Source data
=== Section Start ===

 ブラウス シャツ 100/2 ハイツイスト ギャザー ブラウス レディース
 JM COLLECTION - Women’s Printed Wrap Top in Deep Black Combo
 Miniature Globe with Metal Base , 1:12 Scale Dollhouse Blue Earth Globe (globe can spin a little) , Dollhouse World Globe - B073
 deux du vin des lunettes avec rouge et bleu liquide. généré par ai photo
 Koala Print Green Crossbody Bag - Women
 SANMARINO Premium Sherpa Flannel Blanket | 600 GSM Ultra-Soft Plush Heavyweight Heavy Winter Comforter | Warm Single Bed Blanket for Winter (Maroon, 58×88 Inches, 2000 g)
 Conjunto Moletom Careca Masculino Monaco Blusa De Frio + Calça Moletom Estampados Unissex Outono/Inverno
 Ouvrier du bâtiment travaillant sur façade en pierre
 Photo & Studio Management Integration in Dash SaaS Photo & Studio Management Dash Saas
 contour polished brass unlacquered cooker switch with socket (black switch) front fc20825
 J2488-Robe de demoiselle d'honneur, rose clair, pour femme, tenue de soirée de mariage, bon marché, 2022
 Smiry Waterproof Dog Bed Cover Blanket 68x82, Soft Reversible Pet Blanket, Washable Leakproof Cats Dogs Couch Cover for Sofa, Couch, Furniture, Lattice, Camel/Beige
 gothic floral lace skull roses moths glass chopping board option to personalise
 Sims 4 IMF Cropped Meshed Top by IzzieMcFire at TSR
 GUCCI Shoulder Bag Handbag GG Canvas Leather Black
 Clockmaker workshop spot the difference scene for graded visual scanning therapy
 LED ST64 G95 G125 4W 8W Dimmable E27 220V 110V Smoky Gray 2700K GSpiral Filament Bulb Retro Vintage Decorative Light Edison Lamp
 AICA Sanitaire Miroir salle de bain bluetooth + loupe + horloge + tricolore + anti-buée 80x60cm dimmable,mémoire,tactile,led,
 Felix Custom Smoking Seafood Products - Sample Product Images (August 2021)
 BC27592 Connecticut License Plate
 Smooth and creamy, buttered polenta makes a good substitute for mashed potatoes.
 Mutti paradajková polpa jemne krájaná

=== Section End ===

I'd like the lines above from the one with "Clockmaker workshop spot" up to and including the one with "LED ST64 G95" copied exactly, with no other lines.

**Task response**
 Clockmaker workshop spot the difference scene for graded visual scanning therapy
 LED ST64 G95 G125 4W 8W Dimmable E27 220V 110V Smoky Gray 2700K GSpiral Filament Bulb Retro Vintage Decorative Light Edison Lamp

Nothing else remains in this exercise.